Earns Wal-Mart Stores

Spending on ecommerce puts pressure on Walmart profit

Retailer reports sluggish sales in the U.S., performs well in Canada

Walmart reported sluggish sales and a 7% drop in first-quarter profit as worker pay raises, spending on ecommerce and currency fluctuations put pressure on the bottom line at the world’s largest retailer.

The company also reported a 1.1% increase for a key sales measure at its U.S. Walmart stores, its third consecutive quarter of increases. However, that growth came below analysts’ expectations.

By comparison, Walmart’s Canadian stores performed well with revenue up 3.7% and comparable-store growth of 1.8%, thanks partly to improvements at its food business and strong performance in seasonal items.

The company has one fewer rival to contend with since Target closed all its Canadian stores in recent weeks, but continues to face stiff opposition from Canada’s domestic retail chains, particularly in the grocery business.

Walmart Canada said May 8 it plans to spend about $350 million to acquire and renovate 13 former Target Canada stores and a distribution centre to add to its own retail network.

Overall, Walmart’s profit and total sales missed Wall Street estimates. The weakness adds to questions about the health of consumer spending. The latest government retail sales figures showed spending was flat in April, and Macy’s, Kohl’s and J.C. Penney announced disappointing results despite low gas prices and improvements in the job market.

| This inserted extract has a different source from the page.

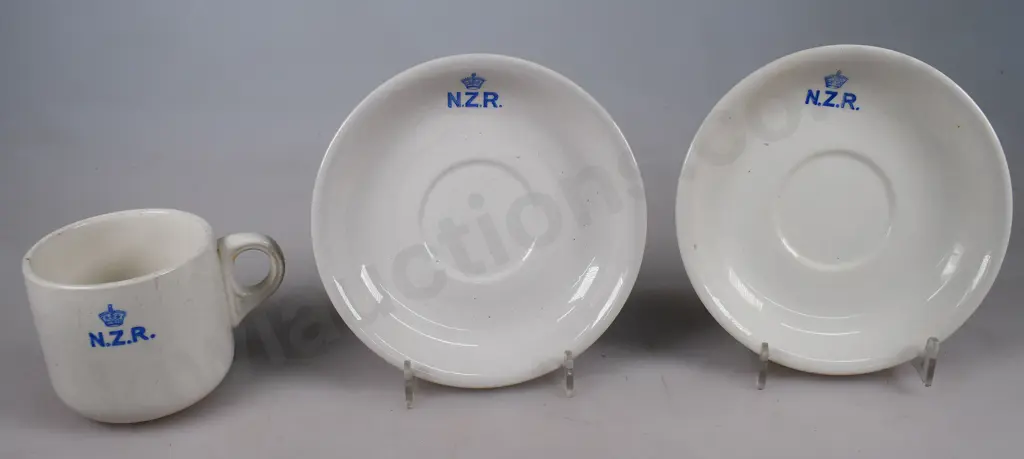 CROWN LYNN NEW ZEALAND RAILWAY CUP AND SAUCERS Image 1++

The retail industry also is battling temporary issues, such as the labour dispute at West Coast ports that delayed shipments of merchandise.

Walmart itself is a barometer of consumer spending. Its challenges reflect the struggles of its low-income shoppers, who are being squeezed by stagnant wages and higher living costs. Walmart pointed out that its customers were either pocketing tax refunds and their savings from lower gas prices, or using them to pay pay down debt or bills like utilities.

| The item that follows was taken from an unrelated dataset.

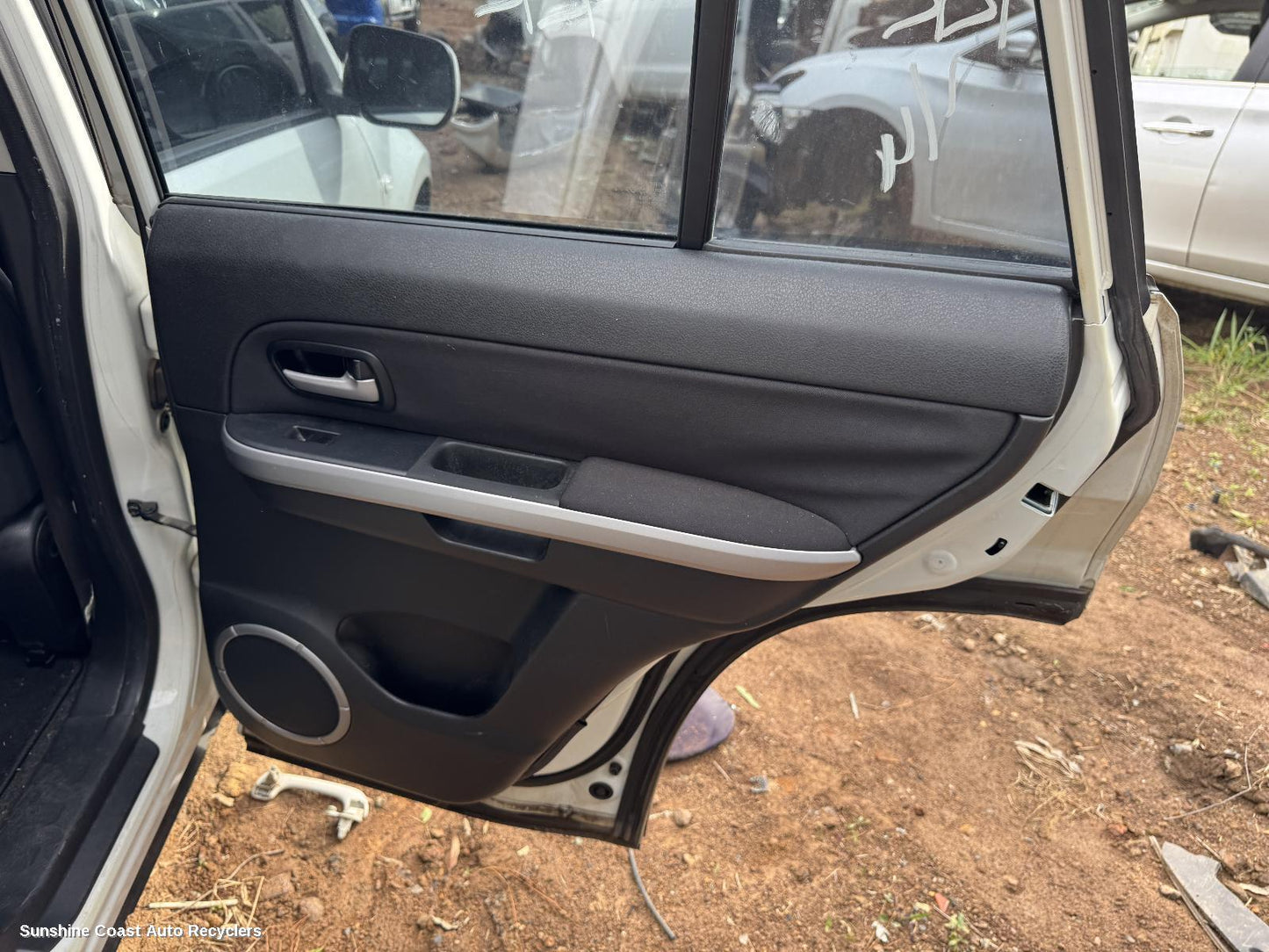 2014 Suzuki Vitara Door Trim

Walmart also is facing fierce competition from the likes of online king Amazon.com, dollar stores and grocers. It’s also dealing with a shift among shoppers seeking the convenience of small stores or buying on their mobile devices and PCs.

In response, Walmart is rapidly opening smaller stores. It is also increasing its spending for its online operations to between $1.2 billion and $1.5 billion this year, up from $1 billion last year. It announced last week it was testing an unlimited free-shipping service for $50 a year, undercutting Amazon’s popular Amazon Prime, whose annual dues are $99.

In Walmart’s U.S. division, the company is trying to improve it selection and customer service, while making sure it has the lowest prices. Walmart is also aiming to improve the freshness of its produce.

The company expects to see improved results by the holiday season, according to Greg Foran, who had been president and CEO of Walmart Asia and took over Walmart’s U.S. business last summer.

As part of the strategy, the company raised the minimum wages for its hourly workers to $9 per hour in April. By February 2016, all hourly workers will make at least $10 per hour.

That comes at a cost. It’s part of a $1 billion investment in its workforce that also includes improved training.

Walmart is hoping that by investing in its people, customer service will improve, resulting in higher sales.

“We’re not interested in reaching our goals, but reaching them in a way which is sustainable for the long term,” Foran said. “This requires a steady execution, a pace that is fast but calculated, and one that allows us to get it right.”

But such investments are squeezing profits in the short term.

Walmart said net income was $3.34 billion for the three months that ended April 30. That compares with $3.59 billion a year earlier.

Net revenue was down slightly to $114.0 billion, from $114.2 billion in the year-ago quarter.

Analysts were expecting revenue of $116.27 billion, according to Zacks Investment Research.